» Description of the task:
Beginning with the first entry, restate the data word for word and leave out the images.
==================================================
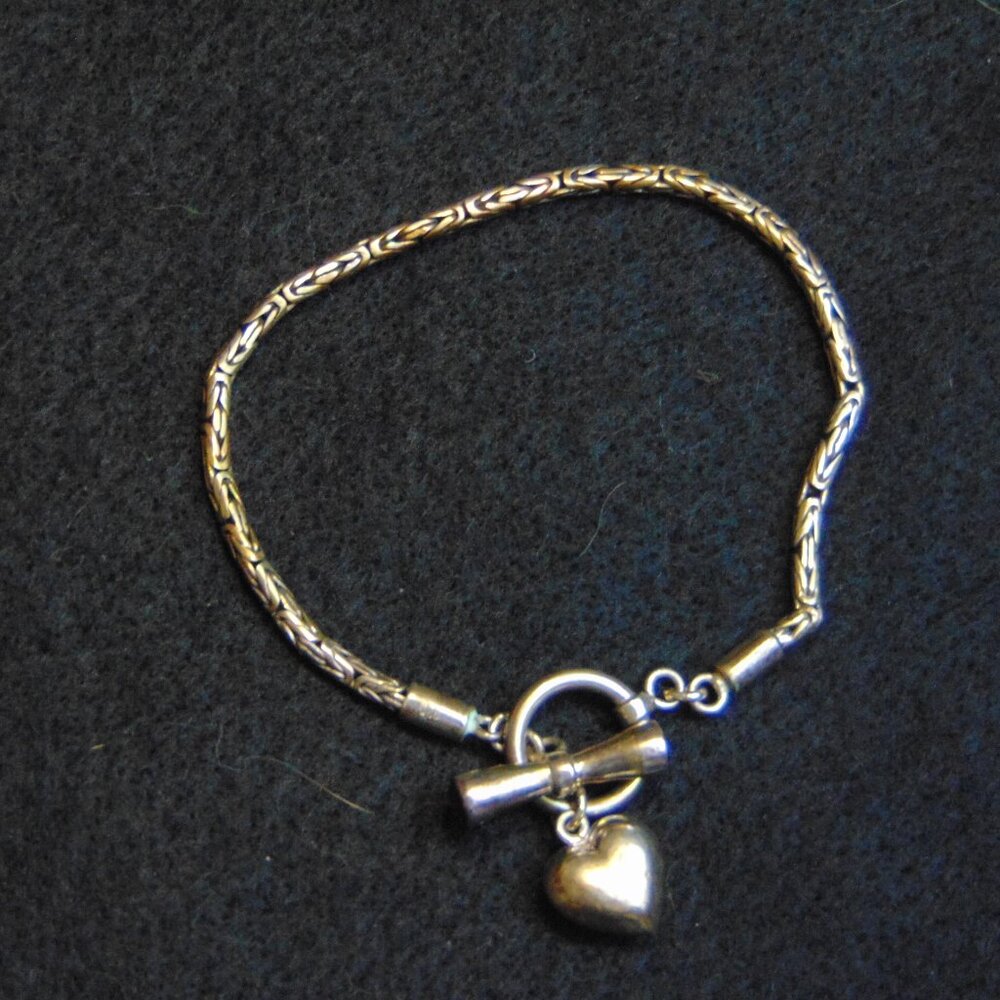 Heart Toggle Bracelet - image 4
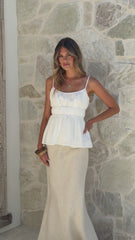 Piper Top - White
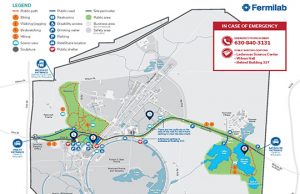 Fermilab site map thumbnail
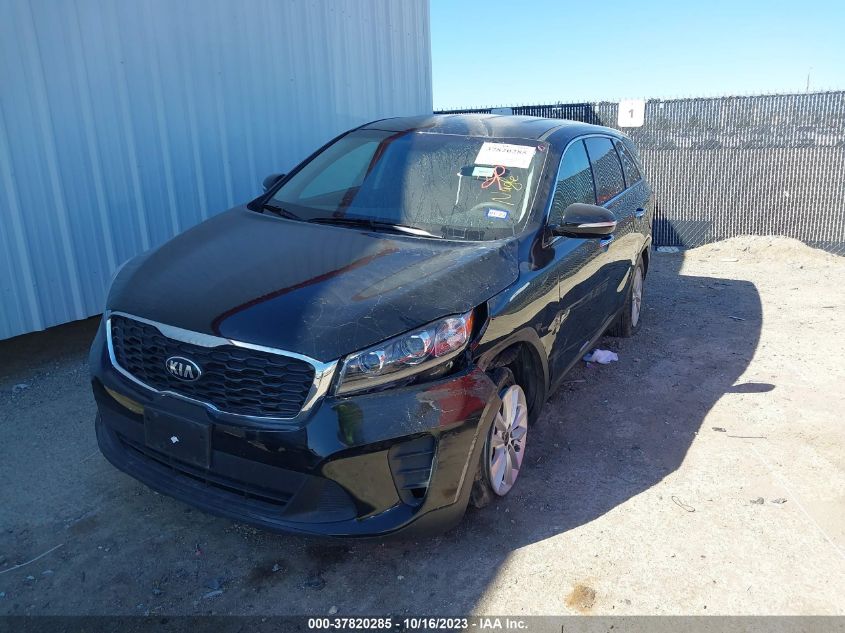 2020 KIA SORENTO L - 5XYPG4A31LG679169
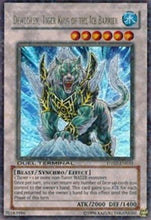 Dewloren, Tiger King of the Ice Barrier [DT02-EN033] Ultra Rare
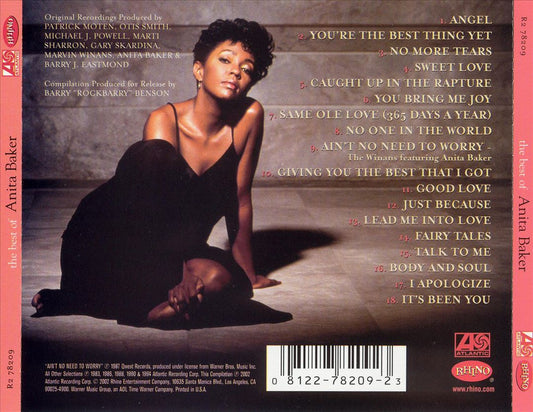 Best of Anita Baker cover art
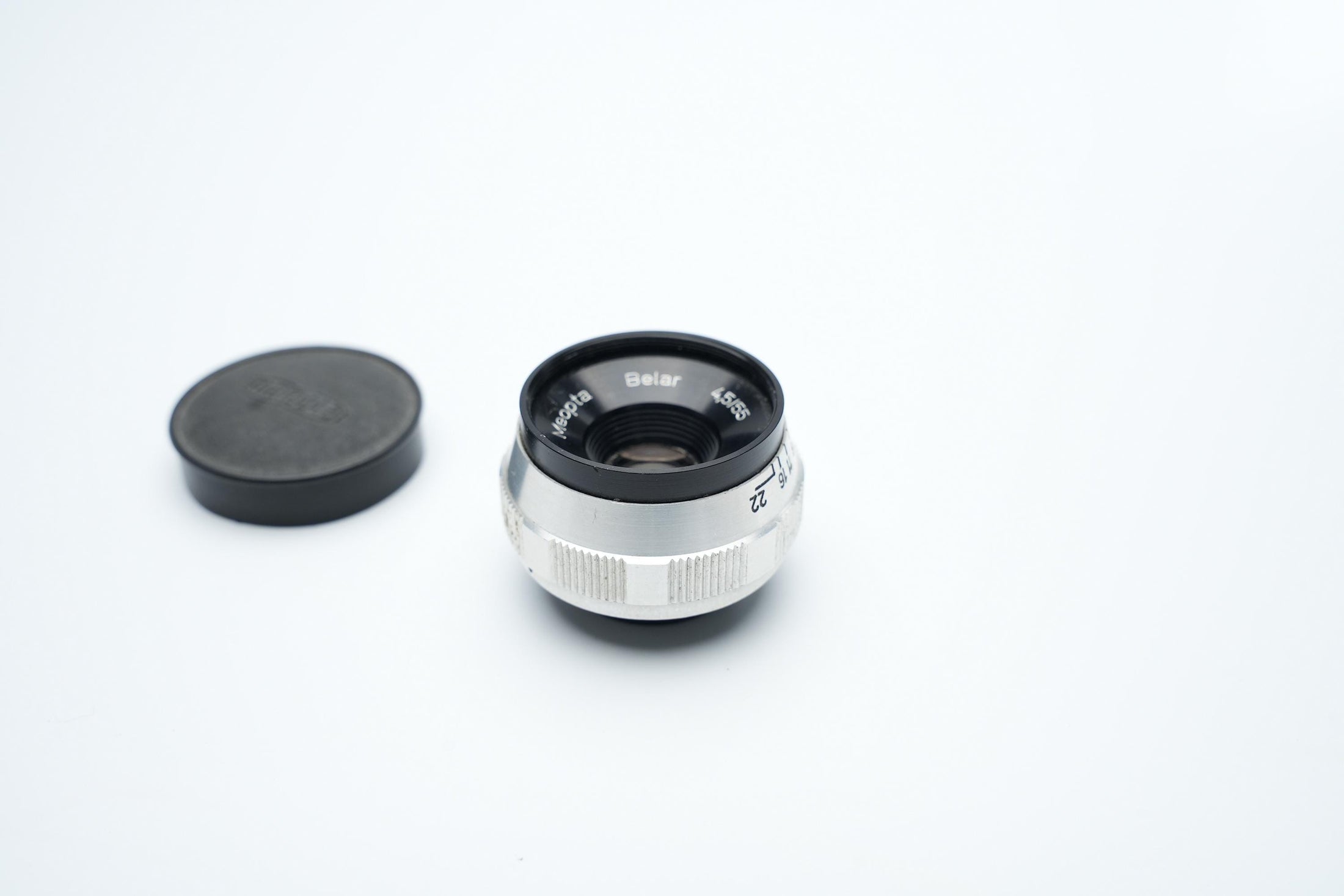 Meopta Belar 55mm F4.5 Lens - Vintage Optics in Excellent Condition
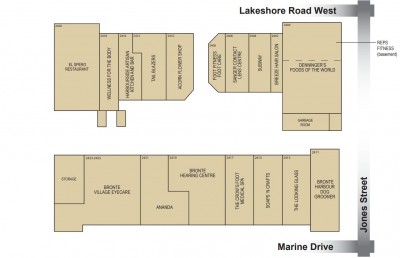 Centriller Square plan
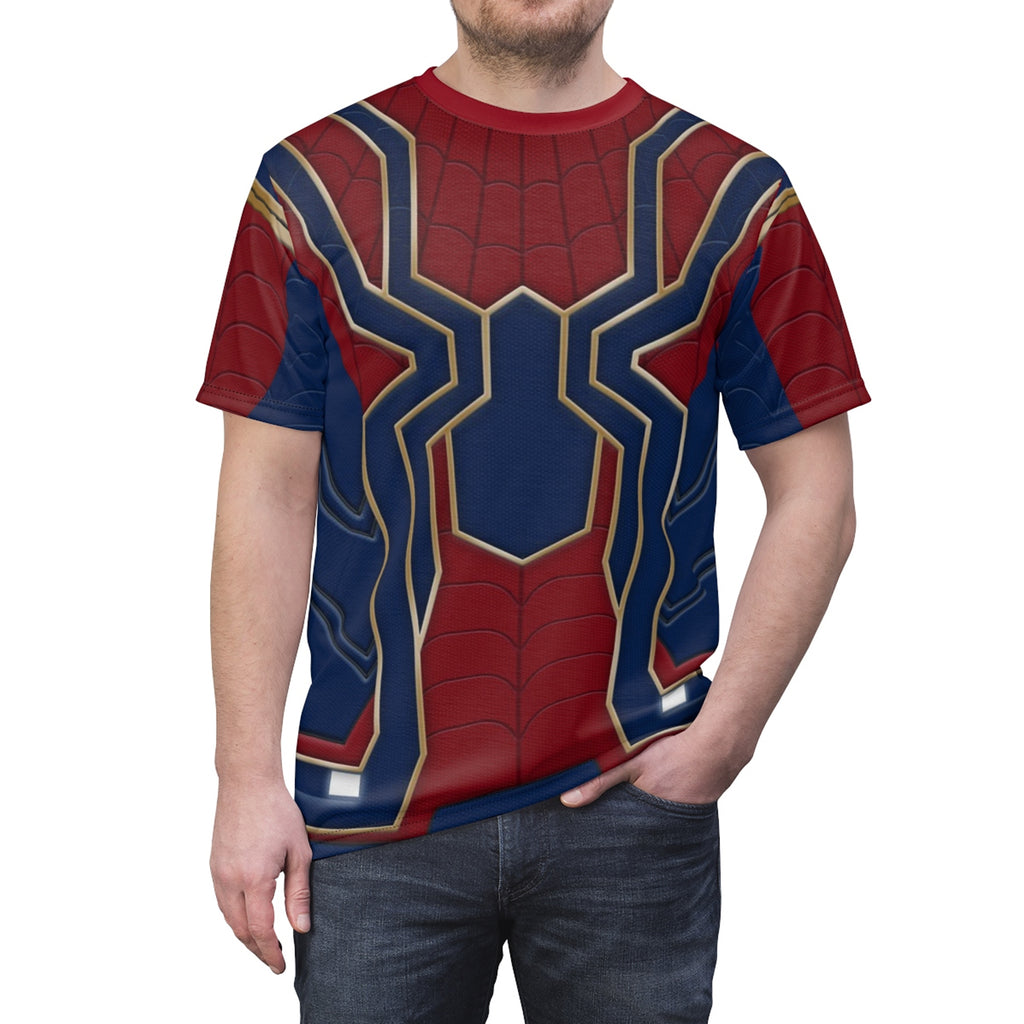 Spider Man Shirt, Avengers Endgame Costume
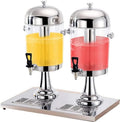 Bier Machine met 57 x 35 x 60cm, RVS en zilver, Drank Dispenser Bier Drank Toren RVS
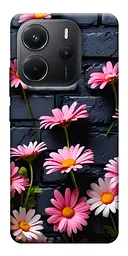 Чохол Demsky Рожевий контраст для Xiaomi Redmi Note 14 4G (Europe version)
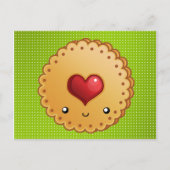 Carte de recette de biscuit de Noël (Devant)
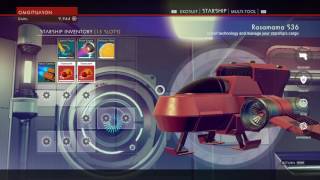 No Man's Sky - Enable Galactic Travel: S Station: Dynamic Resonator Purchased, Phase Beam Blueprint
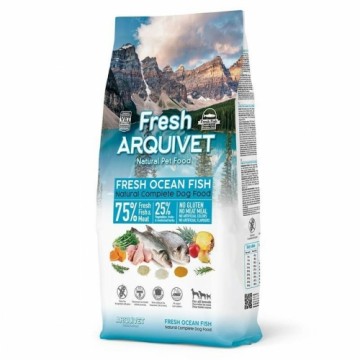 Lopbarība Arquivet Fresh Ocean Pieaugušais Zivs 10 kg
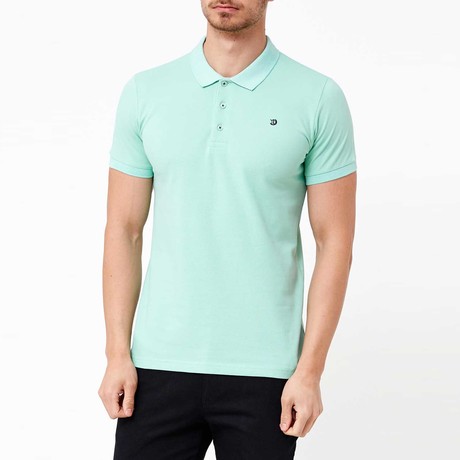 Foster Polo T-Shirt // Green (L)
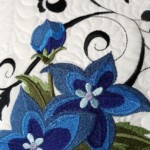 Patchworkový polštář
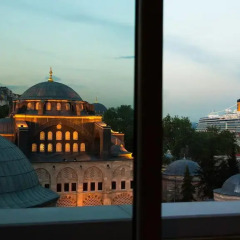 Port Hotel Tophane-i Amire 3* Люкс с различными типами кроватей фото 6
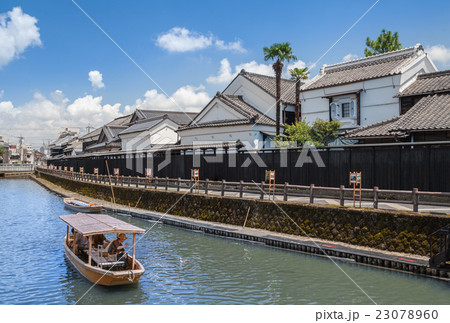 栃木市蔵の街 塚田歴史伝説館の写真素材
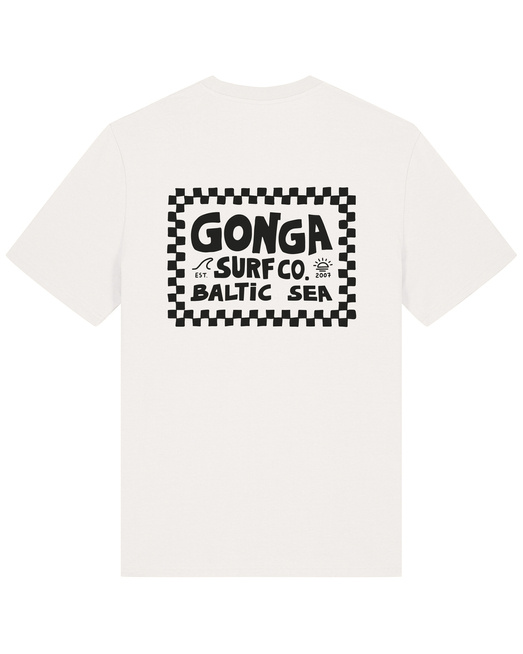 Gonga Surf - Chequer Black Off White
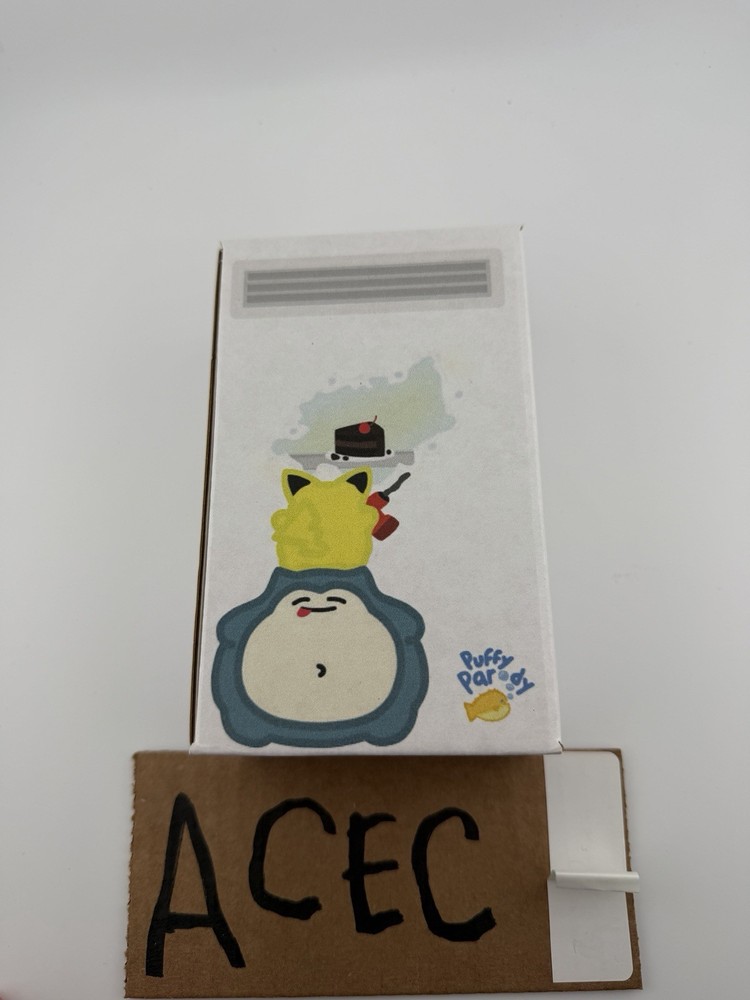 Pudgemon Fridge Bundle- 1st Edition Set by Puffy Parody NIB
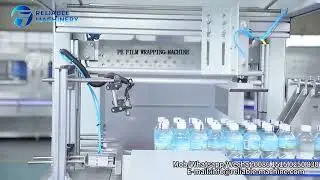 18-18-6 8000BPH Water Filling Machine
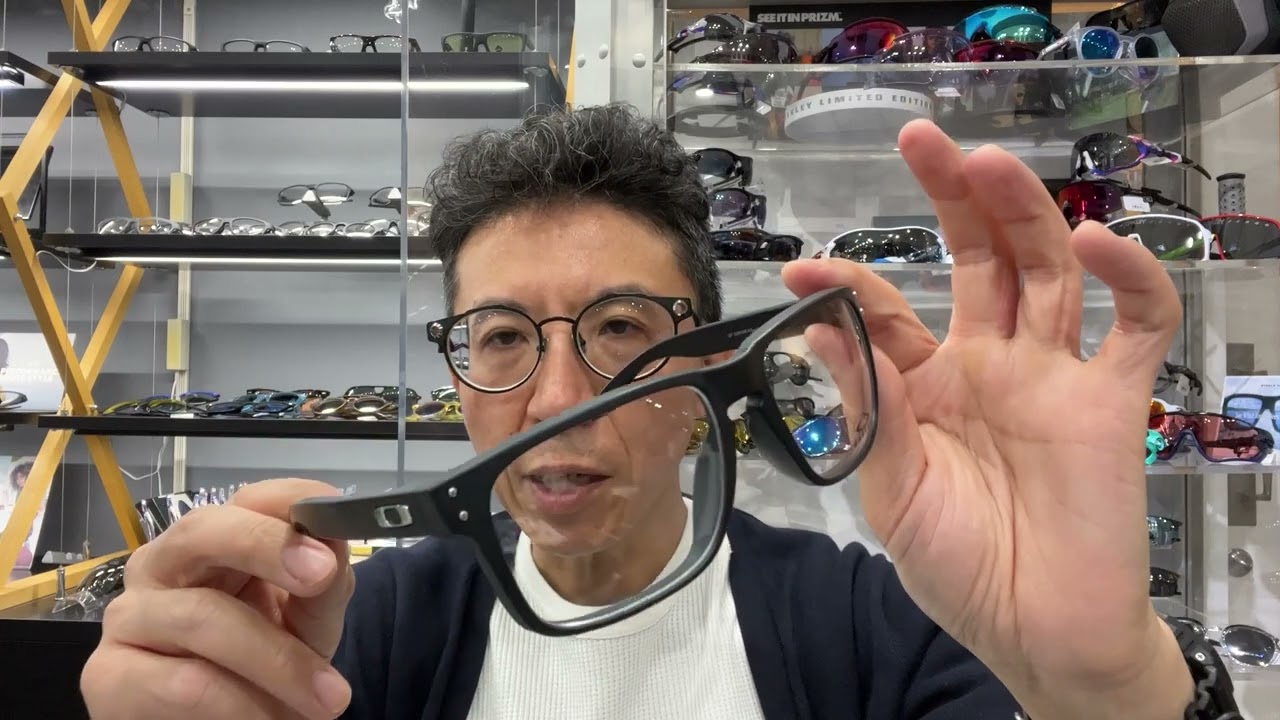 OAKLEY　HOLBROOK RX A　Hamaya movie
==================================================
» Exercise response:
 Heart Toggle Bracelet - image 4
 Piper Top - White
 Fermilab site map thumbnail
 2020 KIA SORENTO L - 5XYPG4A31LG679169
 Dewloren, Tiger King of the Ice Barrier [DT02-EN033] Ultra Rare
 Best of Anita Baker cover art
 Meopta Belar 55mm F4.5 Lens - Vintage Optics in Excellent Condition
 Centriller Square plan
 Spider Man Shirt, Avengers Endgame Costume
 Bier Machine met 57 x 35 x 60cm, RVS en zilver, Drank Dispenser Bier Drank Toren RVS
 Чохол Demsky Рожевий контраст для Xiaomi Redmi Note 14 4G (Europe version)
 Carte de recette de biscuit de Noël (Devant)
 No Man's Sky - Enable Galactic Travel: S Station: Dynamic Resonator Purchased, Phase Beam Blueprint
 Lopbarība Arquivet Fresh Ocean Pieaugušais Zivs 10 kg
 Foster Polo T-Shirt // Green (L)
 Patchworkový polštář
 Port Hotel Tophane-i Amire 3* Люкс с различными типами кроватей фото 6
 栃木市蔵の街 塚田歴史伝説館の写真素材
 Gonga Surf - Chequer Black Off White
 Pudgemon Fridge Bundle- 1st Edition Set by Puffy Parody NIB
 18-18-6 8000BPH Water Filling Machine
 OAKLEY　HOLBROOK RX A　Hamaya movie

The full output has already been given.